As we’ve said for sometime now, we support the efforts of the Hudson River Park Trust and its community task force to try to look “outside the box” and examine all ideas for Pier 40 and the entire 5-mile-long Lower West Side waterfront park.
The park is facing an escalating financial deficit that threatens the Trust’s ability to complete the park’s construction — and even properly to maintain what has already been built.
Modifying the Hudson River Park Act of 1998 may well be necessary: The park is now 70 percent built, so restrictive protections against commercial development that seemed essential 14 years ago perhaps can be modified, now that the fear of an entirely commercialized waterfront is no longer a possibility.
That said, there’s a process for major changes to the park. In short, a “significant action hearing” must be held, with 30 days’ notice given, followed by another 30 days of public comment. This fact has been pointed out by Assemblymember Deborah Glick, who is extremely concerned that legislative changes to the park act not be made without sufficient community input.
We agree with Glick. The Trust, for its part, is countering that changing the park’s legislation — such as to allow longer leases and bonding authority, or to allow residential or hotel use on Pier 40 — doesn’t rise to the level of requiring such a hearing. According to the Trust, a full-bore public hearing would only be required if, first, the legislation was changed and, then, if the Trust decided to actually act on one of the new provisions — such as, say, moving to issue a request for proposals (R.F.P.) to developers for housing on Pier 40.

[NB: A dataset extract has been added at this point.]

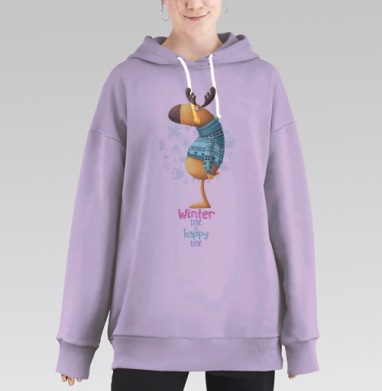 Милый лось в ярком зимнем свитере, Hoodie Long Oversize Fiolet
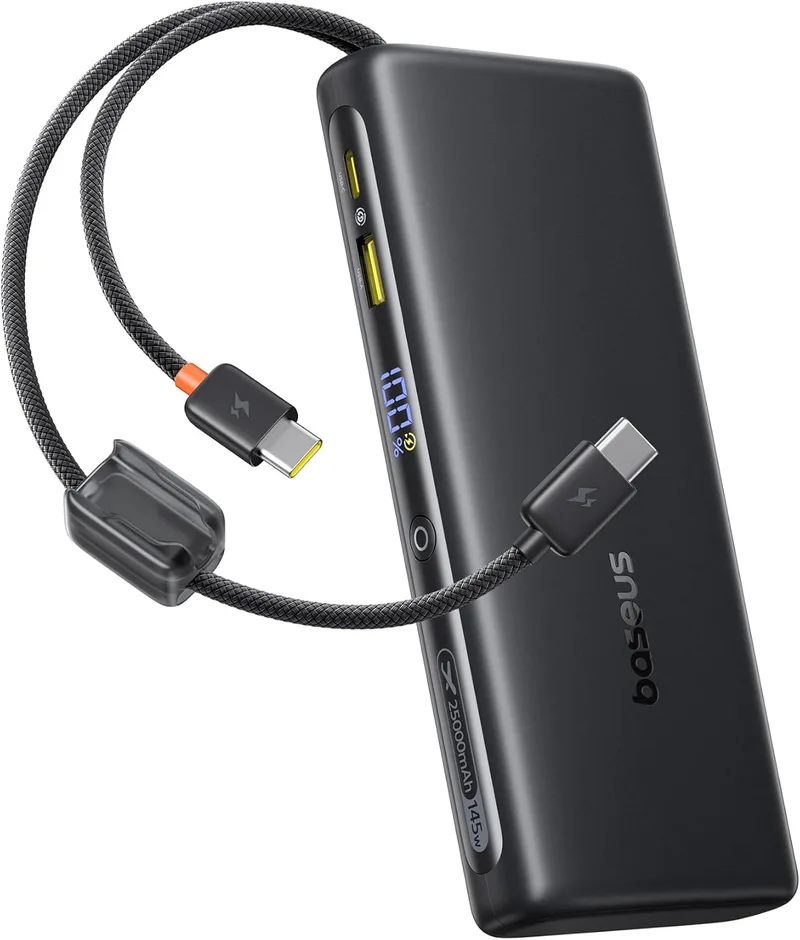Baseus ▫️ FC41 145 W 25 000 mAh Powerbank para carregamento rápido de portáteis, com 2 cabos USB-C integrados. Baterias externas para telemóveis, compatíveis com MacBook Pro, iPhone 17/16/15, DELL, HP, SteamDeck, Samsung, Preto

The Trust is very much interested in changing the park act to open Hudson River Park up to a potentially wider variety of uses that could help generate income for this beloved park, which is required to be financially self-sustaining. Essentially, it’s a good idea — and one that may ultimately save the park from failing.
But laws exist precisely to protect the things we do want — the park, the waterfront views, the ball fields, our sense of peaceful enjoyment. And laws also exist to protect against things we don’t want — uses that would impact the park too heavily or change its fundamental character.
When the park act was being debated in ’98, some waterfront activists raised a cry that the Trust would be an “unaccountable authority.” The Trust has a very compelling case to make on the changes that are necessary to create a viable and sustainable park, but it needs to let the public have its say.
In our view, the best thing that the Trust could do right now would be to hold a large-scale public hearing on Pier 40 and Hudson River Park. Discussing these matters at meetings of the Trust’s community task force, the Hudson River Park Advisory Council and Community Board 2’s Waterfront Committee is important to build understanding and momentum, but not the same thing as a public hearing.
The Trust is showing bold thinking on the waterfront, and we applaud it. The status quo is not an option. However, the legislative changes being contemplated constitute “a significant action,” in our view, due to their potential impact. A hearing should be held.